Furthermore, the computational cost associated with MieAI training is exceedingly minimal, taking approximately 3 hours and 20 minutes. This stands in stark contrast to the runtime requirements of ICON-ART simulations. Notably, MieAI training utilized a single computing node from a high-performance computing (HPC) cluster equipped with multiple nodes, each housing 36 Intel Xeon CPUs. It is pertinent to mention that both MieAI predictions and Mie calculations were executed utilizing a single CPU core.

Discussion

This study endeavors to introduce an innovative and computationally efficient framework, aptly named MieAI, specifically designed for calculating the bulk optical properties of internally mixed and coated aerosols characterized by a log-normal size distribution. Our approach leverages a straightforward multi-layer perceptron, a type of artificial neural network, to unravel the intricate relationship between AOPs and their physico-chemical characteristics, such as particle size distribution, mixing state, and chemical composition. Central to MieAI is the representation of both core and shell as ternary systems, subsequently linked to RIs via a volume mixing approach.

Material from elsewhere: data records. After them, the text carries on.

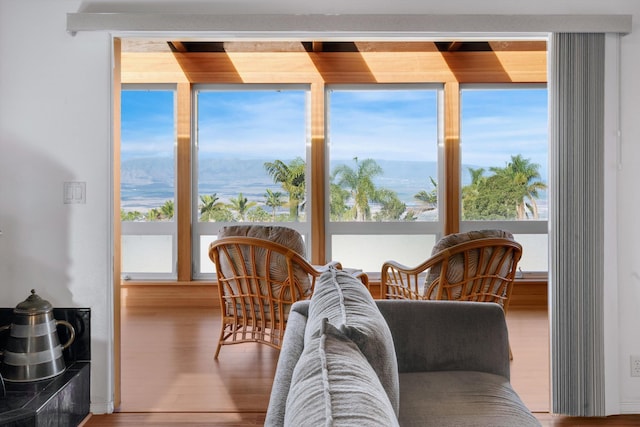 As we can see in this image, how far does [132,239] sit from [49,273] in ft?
9.89

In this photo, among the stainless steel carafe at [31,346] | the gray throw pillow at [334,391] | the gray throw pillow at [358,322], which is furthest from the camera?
the stainless steel carafe at [31,346]

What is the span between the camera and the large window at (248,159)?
587cm

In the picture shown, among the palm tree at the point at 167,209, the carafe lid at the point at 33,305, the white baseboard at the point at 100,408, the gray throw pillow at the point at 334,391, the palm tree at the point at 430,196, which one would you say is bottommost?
the white baseboard at the point at 100,408

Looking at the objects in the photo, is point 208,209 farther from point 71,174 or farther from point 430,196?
point 71,174

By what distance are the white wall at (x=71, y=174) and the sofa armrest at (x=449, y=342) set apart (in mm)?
1059

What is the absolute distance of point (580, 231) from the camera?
2.81 metres

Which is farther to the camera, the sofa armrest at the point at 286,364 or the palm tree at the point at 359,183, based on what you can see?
the palm tree at the point at 359,183

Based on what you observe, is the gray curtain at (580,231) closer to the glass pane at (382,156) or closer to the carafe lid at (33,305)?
the carafe lid at (33,305)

In order to validate the efficacy of our approach, we subjected it to rigorous evaluation against the gold standard method of Mie calculations – a technique renowned for its precision albeit its notably sluggish computational speed. Our comparative evaluation unveiled that the NN-based MieAI approach not only attains remarkable accuracy – with errors confined within 10% – but also exhibits an excellent computational efficiency, boasting a speed improvement of three orders of magnitude.

Furthermore, our study underscores the paramount significance of meticulous pre-processing in enhancing the accuracy and generalizability of NN-based methodologies. We emphasize the necessity for rigorous evaluations of novel ML-based approaches prior to their widespread deployment in scientific applications. Moreover, MieAI model proposed in this paper tries to emulate the Mie calculations for thinly coated aerosols assuming the aerosols particles to be spherical and having the core-shell configuration. However, this approach can be extended to account for non-spherical shape and the morphologically complex configurations such as embedded, partly embedded, thick coating and partially embedded configurations1,33,34.

With its generic design, the approach presented herein holds versatile applicability, seamlessly integrating into ACMs that adopt either bin or modal frameworks for representing aerosols and their optical properties. Moreover, the same framework can be extended to accommodate externally mixed aerosols and aerosol models featuring non-spherical shapes.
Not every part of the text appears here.